Kritisch zu werten ist auch der Umstand, dass Personalarbeit zu ganz wesentlichen Teilen gerade individuelle Lösungen erfordert und sich einer detaillierten Planung durch ein vollständiges und abgeschlossenes Konzept eher verschließen. Dieses zutreffende Argument kann aber nicht als Begründung der Verweigerung notwendiger Schritte ins Feld geführt werden. Ein Konzept zu den Arbeitnehmerbelangen muss in jedem Falle jetzt erstellt werden. Es ist dabei nur darauf zu achten, dass es noch ausreichend Raum für Individualität lässt.
Schließlich kann die Zurückhaltung bei der Umsetzung auch mit dem dadurch verursachten „administrativen Aufwand“ zusammenhängen. Die Annahme, ein Konzept für die Arbeitnehmerbelange verursache sowohl für die Erstellung als auch bei der Befolgung seiner Inhalte und – gegebenenfalls für die Veröffentlichung – Kosten und Aufwand, ist sicher richtig. Allerdings ist diese Feststellung kein allgemeintauglicher Grund für ein Zuwarten. Es hängt nämlich von den konkreten Verhältnissen der einzelnen Gesellschaft ab, ob diese Kosten und dieser Aufwand zusätzlich entsteht, oder ob er nicht in gleichem oder gar höherem Umfang allein dadurch entsteht, dass entsprechende Fragen großer Abnehmer oder von Kreditinstituten jeweils einzeln beantwortet werden müssen. Denn die normunterworfenen Unternehmen sind schließlich auch verpflichtet, einen Blick in die Lieferkette zu werfen und werden dies durch „Befragungen der Lieferanten und/oder Kunden auch tun. Zudem wird man es bei einer wirtschaftlichen Betrachtung berücksichtigen müssen, dass sich möglicherweise Konditionen verschlechtern oder Aufträge ausbleiben können. Letzteres unmittelbar von öffentlichen Auftraggebern und mittelbar aufgrund eines „Imageschadens“ vom Markt.
Taugt damit ein wirtschaftliches Argument nicht grundsätzlich zur Verweigerung der Umsetzung, sondern ist es stets vom Einzelfall abhängig, ob ein Konzept zu den Arbeitnehmerbelangen eine wirtschaftliche Belastung darstellt, muss damit gerechnet werden, dass es durchaus unterschiedliche Antworten und damit unterschiedliches Verhalten geben wird. Den Äußerungen des DNK ist auch tatsächlich zu entnehmen, dass gerade KMU sich in steigendem Maße für die Nachhaltigkeit einsetzen wollen. Es entsteht damit ein zunehmender Wettbewerbsdruck.
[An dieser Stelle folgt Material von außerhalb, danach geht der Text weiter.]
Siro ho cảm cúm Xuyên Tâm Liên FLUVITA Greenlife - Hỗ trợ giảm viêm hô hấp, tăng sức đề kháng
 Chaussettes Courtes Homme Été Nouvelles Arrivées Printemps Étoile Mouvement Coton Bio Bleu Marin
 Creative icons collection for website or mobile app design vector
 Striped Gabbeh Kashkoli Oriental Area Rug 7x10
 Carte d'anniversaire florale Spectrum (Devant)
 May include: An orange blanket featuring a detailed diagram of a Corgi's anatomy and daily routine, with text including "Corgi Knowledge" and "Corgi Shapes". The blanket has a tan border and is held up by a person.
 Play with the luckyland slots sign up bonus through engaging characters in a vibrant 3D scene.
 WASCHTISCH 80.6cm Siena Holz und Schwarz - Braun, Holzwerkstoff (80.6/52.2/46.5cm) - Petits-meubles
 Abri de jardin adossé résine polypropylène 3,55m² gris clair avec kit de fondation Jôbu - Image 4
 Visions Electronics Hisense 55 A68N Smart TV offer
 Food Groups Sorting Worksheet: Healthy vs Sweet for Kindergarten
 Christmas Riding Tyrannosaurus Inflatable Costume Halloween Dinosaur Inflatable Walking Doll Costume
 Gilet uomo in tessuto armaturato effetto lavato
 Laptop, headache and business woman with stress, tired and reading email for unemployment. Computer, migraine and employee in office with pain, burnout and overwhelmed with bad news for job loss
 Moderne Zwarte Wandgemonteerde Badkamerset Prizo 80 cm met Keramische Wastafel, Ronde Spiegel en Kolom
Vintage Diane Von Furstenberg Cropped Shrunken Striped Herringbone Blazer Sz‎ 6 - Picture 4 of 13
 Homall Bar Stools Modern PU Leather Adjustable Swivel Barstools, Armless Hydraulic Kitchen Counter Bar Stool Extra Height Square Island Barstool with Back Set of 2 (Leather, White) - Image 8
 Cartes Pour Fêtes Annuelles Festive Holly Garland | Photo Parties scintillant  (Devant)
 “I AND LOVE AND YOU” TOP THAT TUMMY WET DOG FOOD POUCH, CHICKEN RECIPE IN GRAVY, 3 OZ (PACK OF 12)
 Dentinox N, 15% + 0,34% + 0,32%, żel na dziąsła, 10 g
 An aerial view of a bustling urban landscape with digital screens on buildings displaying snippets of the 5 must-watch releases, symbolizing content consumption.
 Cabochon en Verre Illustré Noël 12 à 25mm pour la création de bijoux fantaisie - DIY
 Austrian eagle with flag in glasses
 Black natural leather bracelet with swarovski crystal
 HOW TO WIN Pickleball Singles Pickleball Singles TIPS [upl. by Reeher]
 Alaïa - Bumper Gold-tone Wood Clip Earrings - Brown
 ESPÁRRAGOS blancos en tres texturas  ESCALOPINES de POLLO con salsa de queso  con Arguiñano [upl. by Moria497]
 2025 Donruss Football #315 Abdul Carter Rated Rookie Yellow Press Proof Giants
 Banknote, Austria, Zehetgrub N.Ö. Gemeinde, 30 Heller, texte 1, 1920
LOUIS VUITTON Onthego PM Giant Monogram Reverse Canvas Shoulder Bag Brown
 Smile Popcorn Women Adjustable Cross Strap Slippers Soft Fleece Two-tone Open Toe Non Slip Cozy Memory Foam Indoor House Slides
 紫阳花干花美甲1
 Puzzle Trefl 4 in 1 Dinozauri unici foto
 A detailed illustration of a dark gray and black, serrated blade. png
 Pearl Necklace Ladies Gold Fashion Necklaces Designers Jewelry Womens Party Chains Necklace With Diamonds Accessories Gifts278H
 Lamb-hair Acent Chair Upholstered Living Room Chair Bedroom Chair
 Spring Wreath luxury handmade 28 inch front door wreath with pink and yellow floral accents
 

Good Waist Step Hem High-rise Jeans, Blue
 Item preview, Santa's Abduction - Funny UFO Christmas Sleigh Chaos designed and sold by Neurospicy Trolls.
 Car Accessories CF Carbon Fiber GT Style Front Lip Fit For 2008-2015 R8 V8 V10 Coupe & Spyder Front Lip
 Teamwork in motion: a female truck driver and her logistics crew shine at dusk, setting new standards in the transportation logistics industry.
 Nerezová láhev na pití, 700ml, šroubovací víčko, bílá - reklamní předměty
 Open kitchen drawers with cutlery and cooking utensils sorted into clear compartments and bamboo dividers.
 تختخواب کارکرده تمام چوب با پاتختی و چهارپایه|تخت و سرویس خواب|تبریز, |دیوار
Auch das sollte bedacht werden.
Bei aller Skepsis gegenüber den neuen Aufgaben für das HR-Management, es bestehen kein grundlegender Anlass und keine allgemeingültige Rechtfertigung für ein weiteres Zuwarten. Im Gegenteil, wer jetzt handelt, kann den weiteren Weg dieses Teils der europäischen Sozialpolitik – auch strategisch – noch mitgestalten. Die bereits angekündigte Revision der CSR-Richtlinie durch die Kommission in 2018 wird sicher kommen. Je wahrnehmbarer die Reaktion der Wirtschaft auf die gewählte Form der Umsetzung europäischer Sozialpolitik ausfällt, desto geringer die zu erwartenden Veränderungen durch eine sonst vermutlich verschärfte „Koregulierung“! Einzig eine tatsächliche Umkehr Europas auf dem Weg der Globalisierung und ein erstarkter nationaler Protektionismus, die angesichts aktueller Wahlen und Handlungen tatsächlich nicht mehr vollständig ausgeschlossen werden können, vermögen die Kommission auf ihrem Weg zur sozial gerechtesten Wirtschaftsordnung aufzuhalten.